As I mentioned in my previous article, God prepared my wife and I for His call to more – what we call “our house fire adventure” – with a few encouraging words. The last, and the one I want to focus on here, was, “You need to grieve”.

Of all He had to say to us, this is the word we would not have thought of ourselves; nor would we have imagined the impact it would have on our journey. We didn’t understand it at the time, but we chose to be obedient.

Once it was safe, my wife and I went into the house and assessed the damage. Every picture on every wall was destroyed. Smoke had found its way into every closet and drawer. It is absolutely amazing what high temperature smoke can do to treasured items.

So, we held each other and cried. Later, I led our children (individually) into their rooms. One of them grieved; the other got mad. One was able to move on from the tragedy; the other suffered for years.

Most only think of grieving in relation to the death of a loved one.

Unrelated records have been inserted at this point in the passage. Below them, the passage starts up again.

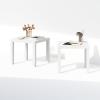 Furinno Classic Night Stand Set of 2, Triple Thick Tabletop Nightstand, Square Bedside Table, End Table, Side Table, Easy Assembly, for Bedroom, Living Room, Black(White)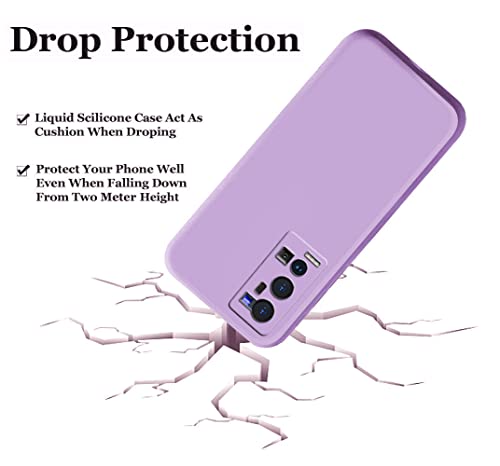 Image of A rtistque Liquid TPU Silicone Matte Shockproof Flexible with Camera Protection Soft Back Cover Case for Vivo X60 Pro Plus - Purple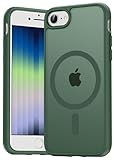 Natiiozie Magnetica Cover per iPhone SE 3/2 (2022/2020), iPhone 8/7 Compatibile con MagSafe Custodia Traslucida Opaca Posteriore, Antiurto Anti-impronta Resistente ai Graffi Protettiva Case verde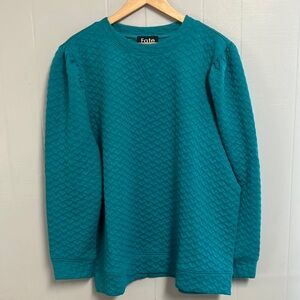 Fate Teal Textured Blouse Puff Sleeve 1XL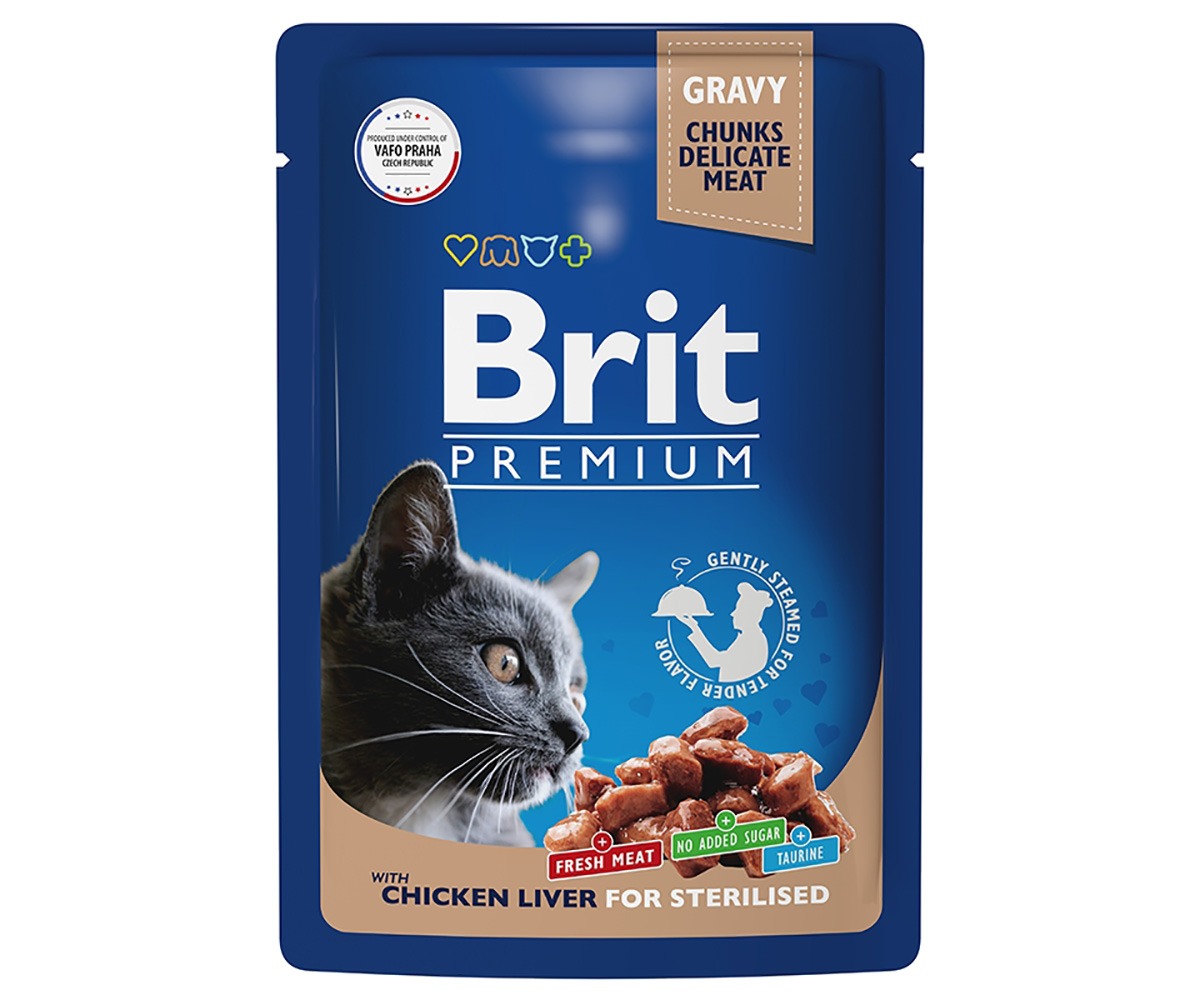 Влажный Корм Brit (Брит) Для Стерилизованных Кошек Куриная Печень в Соусе Premium Cat Chicken Liver For Sterilised 85г 5048885 (1*24)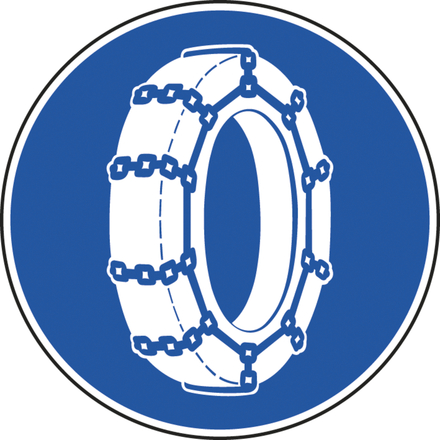 Panneau disque chaînes à neige obligatoires sur deux roues 650 Ecolign B26 cl2 - NADIA SIGNALISATION - DIS650E2B26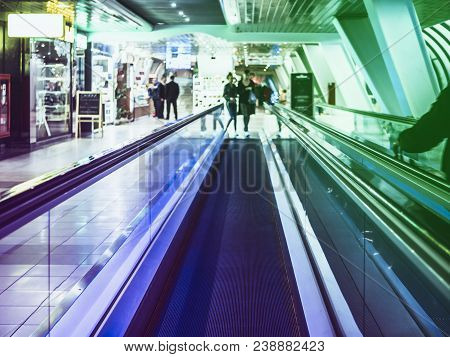 Moving Travolator Walkway In The Airport Magenta Neon Colours Toned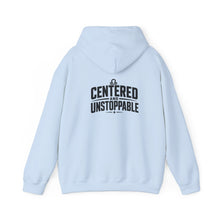 Load image into Gallery viewer, Libra Zodiac Symbol Hoodie | Centered and Unstoppable back print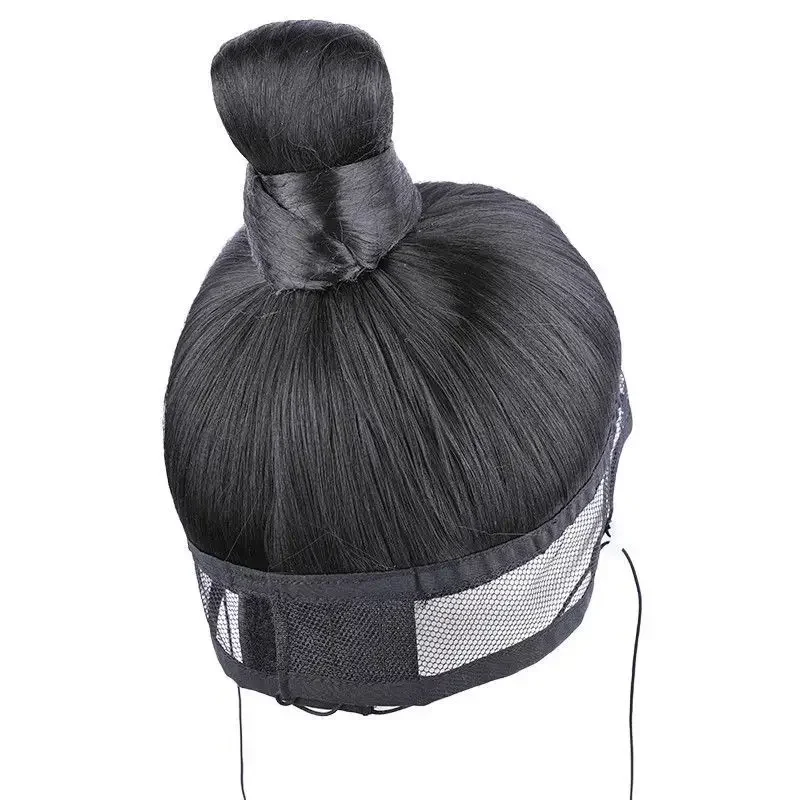 Perruques de cosplay longues droites Hanfu pour hommes, bande de sauna noire, anime chinois des prHub, accessoires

It is the process we must go through to “get on with our lives”. In our tragedy, my wife and I learned that grieving is a grace of God for more.

Our response to God’s call to more requires our leaving something behind. Many times, it is security, long held beliefs, even people and places we have grown to love. Rarely does this call not involve a dying to ourselves.

So, there is grieving.

God’s call to more is His invitation to a higher level of glory.  Responding positively, we soon experience the process of transformation (2Corinthians 3:18). The Greek word for “transformed” is metamorphoo: the death of a caterpillar, that a butterfly might emerge.

Grieving is not something most people readily embrace, because we associate it with negative events. I am encouraging you to see grieving as the grace God has provided for all His children. Knowing our weaknesses, He has given us grief that we might more easily and productively walk through His transformation.

Here are the three benefits of grieving:

  1. It prepares you to let go – making the first step possible. Saying goodbye is a liberating and empowering experience. Even when you don’t know what you are leaving, offering up your “whatever” to God releases His grace for the journey.
  2. It allows you to keep your face turned in the right direction. God designed us to face toward the direction our feet are taking us; so that we avoid tripping over obstacles and running into others. Those that keep looking back have a tough time finding God’s path.
  3. It makes future grieving easier, as God calls you to let go of more. Transformation is a process. Dying to ourselves – that God might be our all-in-all – is not a onetime event (and this is God’s mercy). As God proves Himself faithful in our letting go, we grow to trust Him for more. In other words, our faith grows as we take on the form of a butterfly.

Perhaps the most important thing my wife and I learned is that grieving is a relational activity. God uses it to build our relationship with Him. Consequently, the beginning point for our grieving should be prayer. Both the PAPA prayer and the prayer of Psalm 139:23-24 will be helpful in this regard.

So, when you are ready to take the first step in your adventure towards more, ask God to reveal something that you need to leave behind – something that will allow you to practice the grieving process. He will meet you there.